AHA is asking CMS to exclude hospitals that submitted mid-build exception requests from the definition of “off-campus outpatient department of a provider” in all instances where CMS failed to timely deliver a contrary determination as part of the audit completed on or before the Cures Act’s Dec. 31, 2018 deadline.

Per the Bipartisan Budget Act of 2015, Medicare has not reimbursed hospitals under the Outpatient Prospective Payment System (OPPS) since 2017 for items and serviced furnished by off-campus provider-based departments (PBDs) that first billed Medicare on or after Nov. 5, 2015. Instead, these PBDs are subject to a rate 40 percent of the OPPS rate and more in line with the Medicare Physician Fee Schedule rate for the same service.

However, some off-campus PBDs are excepted from the lower site-neutral payment rates per federal law. The “grandfathered” PBDs include those that were billing Medicare prior to Nov. 5, 2015, and those that were under construction by that date but had not started billing Medicare yet.

For the latter, the Cures Act allowed hospitals to apply for a mid-build exception to the site-neutral payment policy by Feb. 13, 2017.

CMS was to then audit hospital requests and related materials for compliance and a determination.

The agency released results from the audit in a fact sheet on Jan. 19, 2021. The fact sheet indicated that the COVID-19 public health emergency delayed release of the audit determination letters.

CMS also announced in the fact sheet that most mid-build exception requests were denied.

Specifically, of the 334 hospitals that requested a mid-build exception for their off-campus PBDs, 132 qualified 202 did not.

Additionally, hospitals denied the mid-build exception have likely received overpayments from Medicare and will have 240 dates to address the overpayments, CMS stated in the fact sheet.

AHA also questioned audit results in its letter to CMS, arguing that many of the mid-build exception denials are “simply incorrect.”

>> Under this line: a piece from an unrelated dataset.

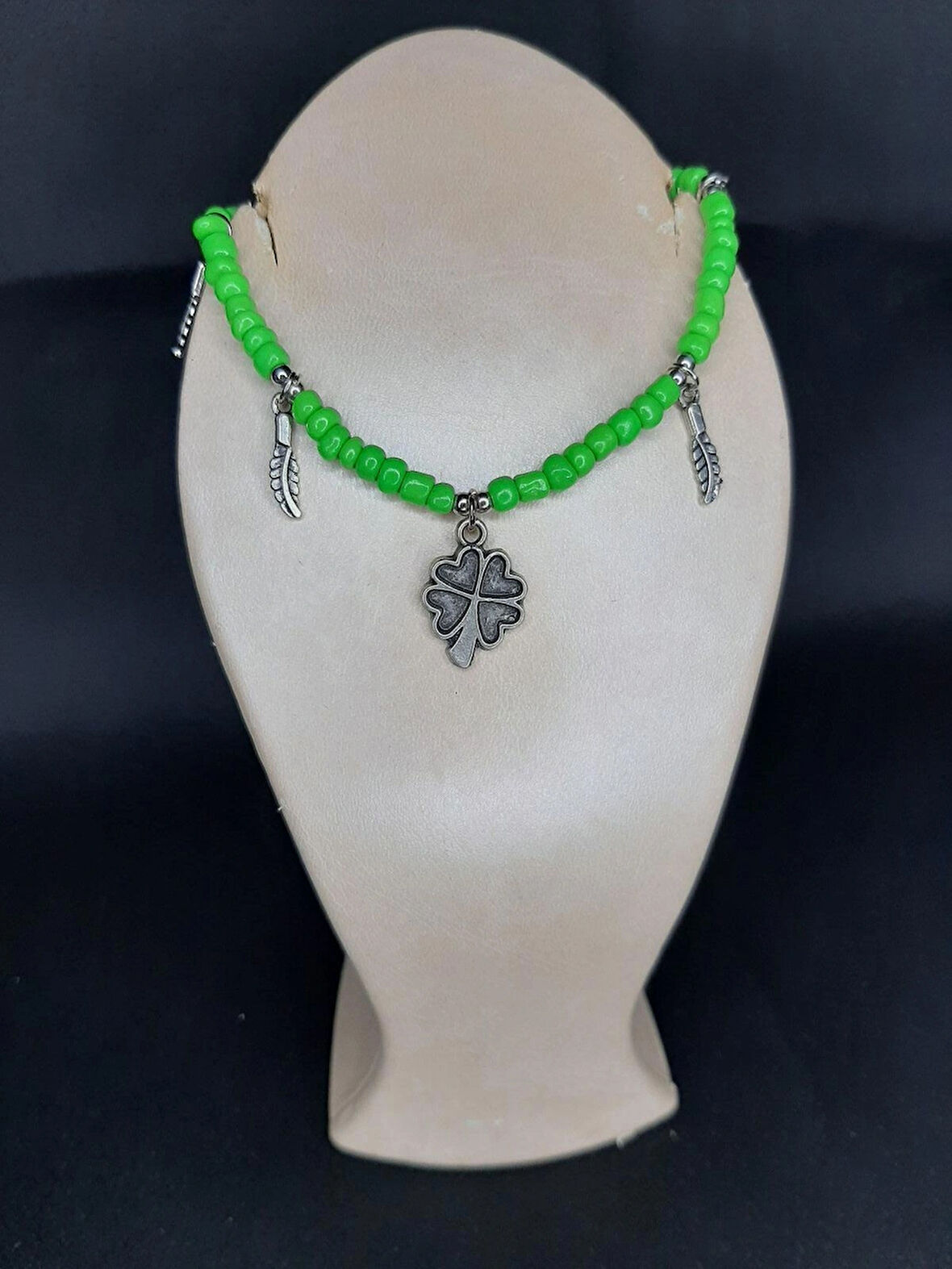 MRYart Yeşil Boncuklu Dört Yapraklı Yonca ve Tüy Detaylı Halhal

The hospital group blamed incorrect denials on Medicare Administrative Contractor misunderstandings of the information submitted and their interpretation of what the Cures Act requires. For example, some hospitals said that they failed the audit because its “parent” health system had the contract for construction of the PBD even though the hospital actually owned the property.

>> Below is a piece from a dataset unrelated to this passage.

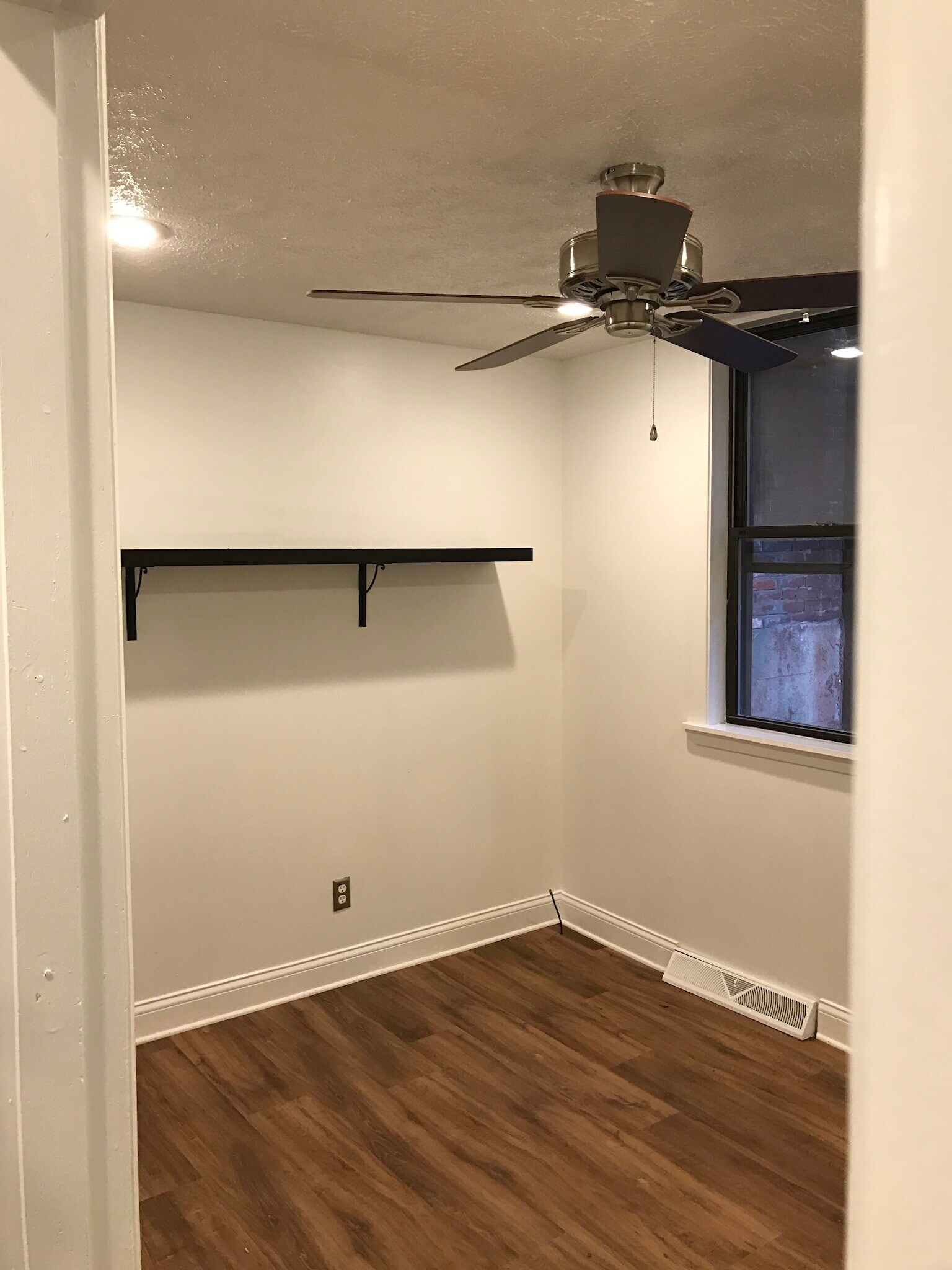 Building Photo - 2334 Sarah St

Additionally, some hospitals told AHA that CMS failed them because their CEO or COO did not sign the mid-build attestation even though their organization does not have those positions.

The site-neutral payments act as a control for hospital-based outpatient care growth among Medicare beneficiaries, which CMS has said increased program spending significantly even though some of the services could be safely performed in the less expensive physician office setting.

Hospital groups have decried the payments, contending that off-campus PBDs should continue to get reimbursed the higher OPPS rates because they are subject to different policies and regulations and treat sicker, poorer patients.

AHA and several other groups, however, recently lost their legal challenge of the policy.